Californians Relying on Bottled Water as Wells Dry Up

November 15, 2022

Above, water is an issue of justice as well as climate.

Washington Post:

Wells are running dry in California at a record pace. Amid a hotter, drier climate and the third consecutive year of severe drought, the state has already tallied a record 1,351 dry wells this year — nearly 40 percent over last year’s rate and the most since the state created its voluntary reporting system in 2014. The bulk of these outages slice through the center of the state, in the parched lowlands of the San Joaquin Valley, where residents compete with deep agricultural wells for the rapidly dwindling supply of groundwater.

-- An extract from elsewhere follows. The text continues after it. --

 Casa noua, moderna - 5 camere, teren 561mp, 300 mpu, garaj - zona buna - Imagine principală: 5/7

Amid rows of almond and orange trees, entire communities are relying on deliveries of bottled water to survive. More than 2,400 homes in the region keep their taps running with emergency plastic water tanks installed in their yards by the nonprofit group Self-Help Enterprises. It sends around a fleet of trucks to fill the tanks, which hold 2,500 to 3,000 gallons, at least every two weeks. More than half of the tanks are new this year.

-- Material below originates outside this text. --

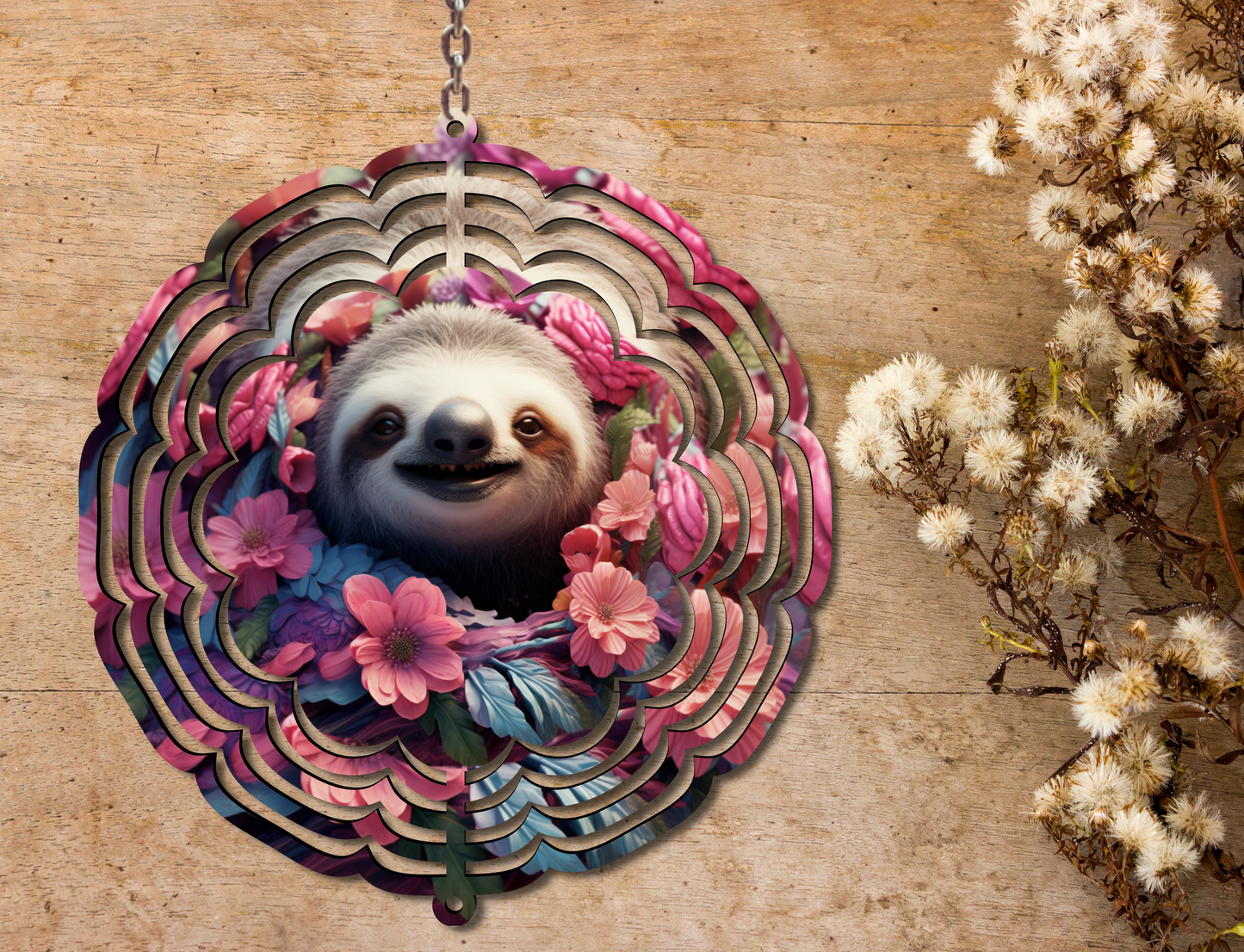 Sloth Wind Spinner (155)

Tami McVay, Self-Help’s director of emergency services, expected this year’s spike in dry wells. But the sheer scope of the shortages this summer has been unsettling for her.

She has watched as groundwater in some places has fallen in one year by hundreds of feet. Last year, her organization made emergency bottled water deliveries after outages from dry or malfunctioning wells threatened the water supply in two communities. This year, that has happened in 20 communities.

“Mentally, I don’t think we were prepared to really kind of absorb how fast it was happening,” she said. “Overnight our phones just started ringing.”

The first sign of a failing well tends to be a softening of the water pressure. Brown patches in the lawn where sprinklers no longer reach. Garden hoses that pulse and fizz with aeration. Showers that slow to a trickle.

Groundwater is both the main source of water for many communities and a buffer that California relies on during drought. Normally, these underground reserves account for about 40 percent of the state’s water supply; in dry years, that grows to 60 percent. Of the 3,700 wells on the state’s live groundwater website that track levels over the past decade, nearly half of them are much below normal or at an all-time low.

“What we’re facing is pretty unprecedented,” said Steven Springhorn, an engineering geologist with the Sustainable Groundwater Management Office of California’s Department of Water Resources. “It’s very dry out there.”

Sharon Ramirez knew this, and she tried to conserve. She let her grass yellow and the vegetable garden die. Tomatoes, potatoes, butternut squash — all gone. In her bathroom, she only flushed solids, despite the embarrassment. She watched with agony as the trees she nurtured for years — the Chinese elm, the pistachio, the mulberry — appeared to weaken under the unrelenting sun.

The motor for the pump in her 348-foot well usually ran for 20 minutes to refill her tank. It began to take hours.


3 Responses to “Californians Relying on Bottled Water as Wells Dry Up”

  1. Brent Jensen-Schmidt Says:

    Implement strict scientific controls immediately despite costs and problems. It will be MUCH more painful in the future otherwise. Sent from my bulletproof, comfortable and unaffected armchair.